> THE PROBLEM
Your copy should match the records exactly, except that it contains no pictures.
+++ DATA SUPPLIED +++
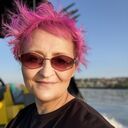  ,   , 49 ,   ,   , c , 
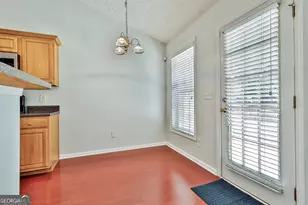 14 Tillbrook Trail, Newnan, GA 30265 - Photo 12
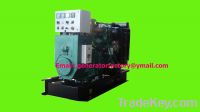 Sell Well-known diesel generator, soundproof generator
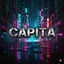 ..:: CAPITA ::..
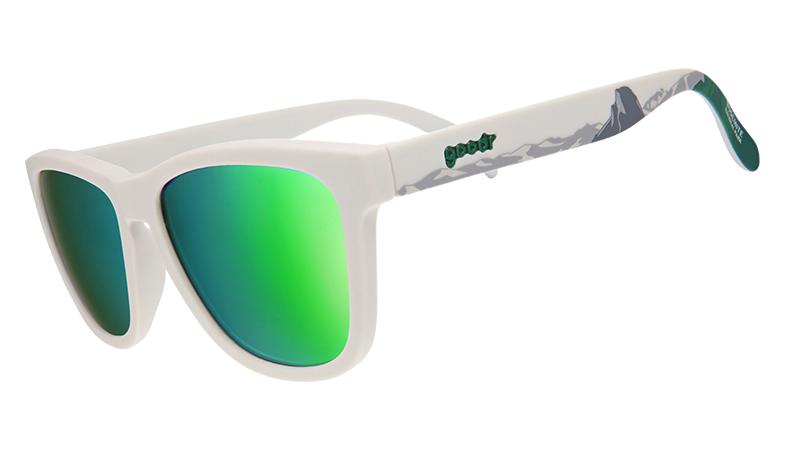 goodr Sunglasses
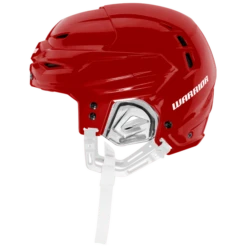 Warrior Covert RS Pro Helm Senior 27 Warrior Covert RS Pro Helm Senior -Wintersportgeschäft 122345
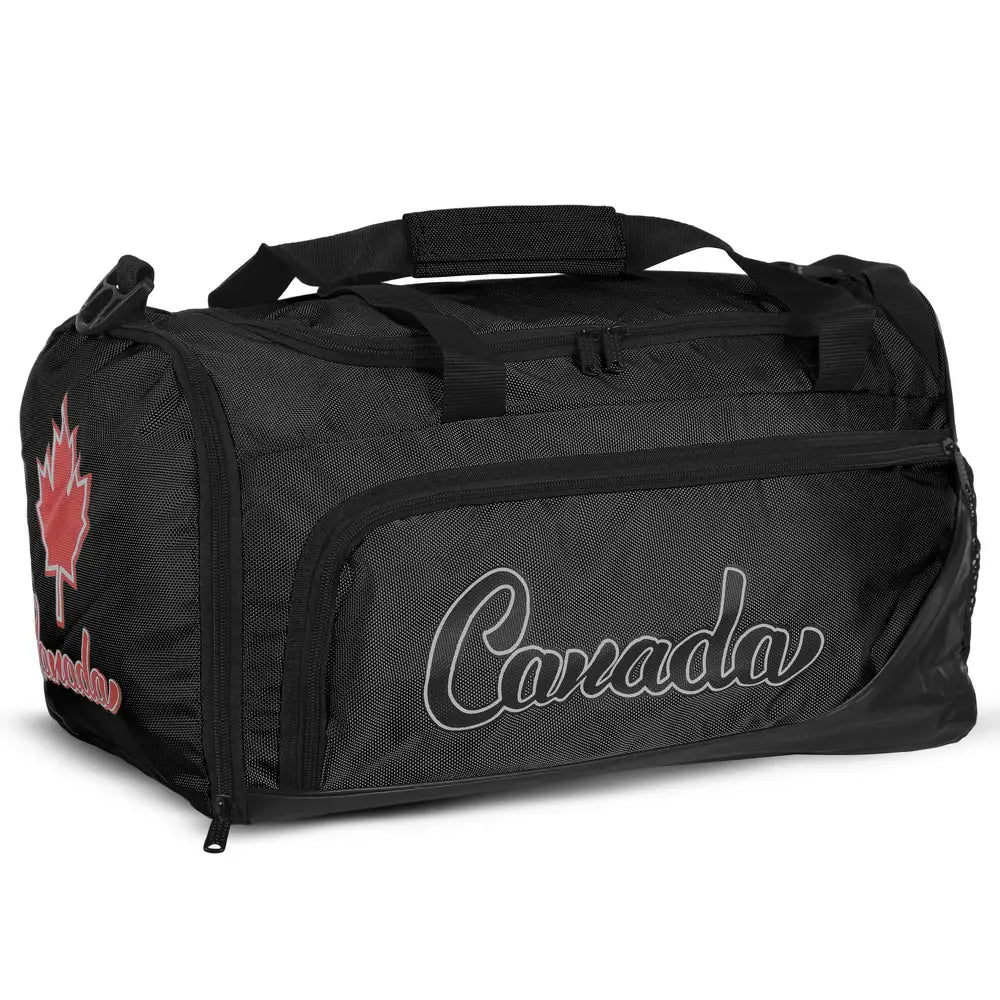 Gym Bag Canada image 7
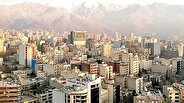 قرارداد مسکن با این افراد ممنوع شد/ با متخلفان به شدت برخورد می‌شود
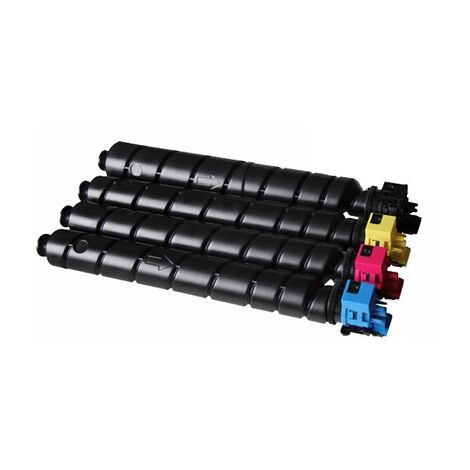 Ciano Compatible Kyocera TASKalfa 4054ci-25K1T02YMCNL0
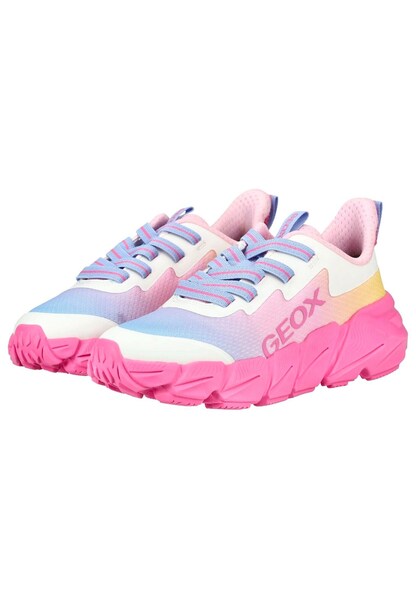 Produktvorschaubild 3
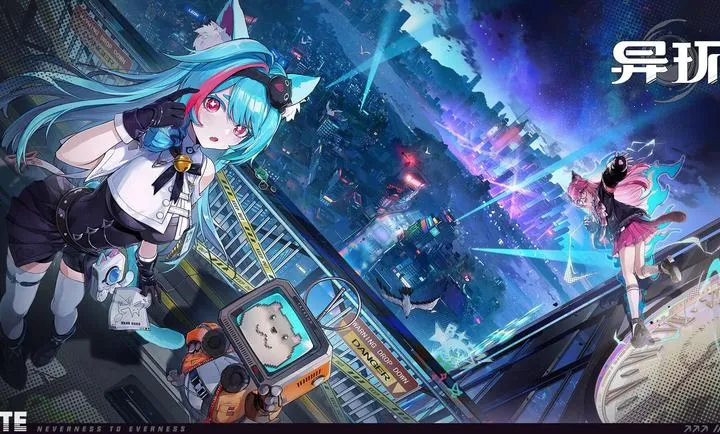 �컷2026�ٷ����°汾v1.0.1 �ٷ������ͼ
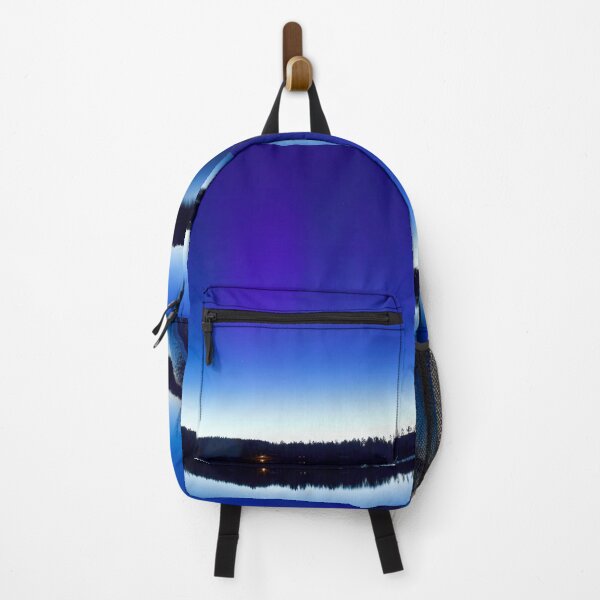 Item preview, The last auroras before summer 24 designed and sold by Jouko Lehto Photography.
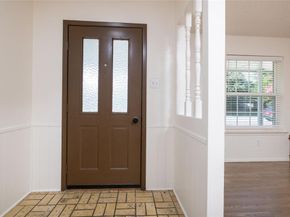 7505 N Richland Boulevard , North Richland Hills Texas 76180
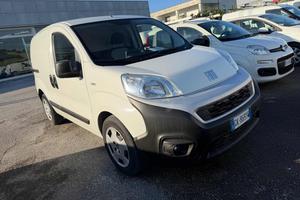 FIAT FIORINO 1.3 MJ 95 CV SX CARGO SX EURO 6 D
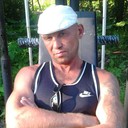  ,   Aleksej, 50 ,   ,   , c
+++
> TASK OUTPUT
  ,   , 49 ,   ,   , c , 
 14 Tillbrook Trail, Newnan, GA 30265 - Photo 12
 Sell Well-known diesel generator, soundproof generator
 ..:: CAPITA ::..
 goodr Sunglasses
 Warrior Covert RS Pro Helm Senior 27 Warrior Covert RS Pro Helm Senior -Wintersportgeschäft 122345
 Gym Bag Canada image 7
 قرارداد مسکن با این افراد ممنوع شد/ با متخلفان به شدت برخورد می‌شود
 Ciano Compatible Kyocera TASKalfa 4054ci-25K1T02YMCNL0
 Produktvorschaubild 3
 �컷2026�ٷ����°汾v1.0.1 �ٷ������ͼ
 Item preview, The last auroras before summer 24 designed and sold by Jouko Lehto Photography.
 7505 N Richland Boulevard , North Richland Hills Texas 76180
 FIAT FIORINO 1.3 MJ 95 CV SX CARGO SX EURO 6 D
  ,   Aleksej, 50 ,   ,   , c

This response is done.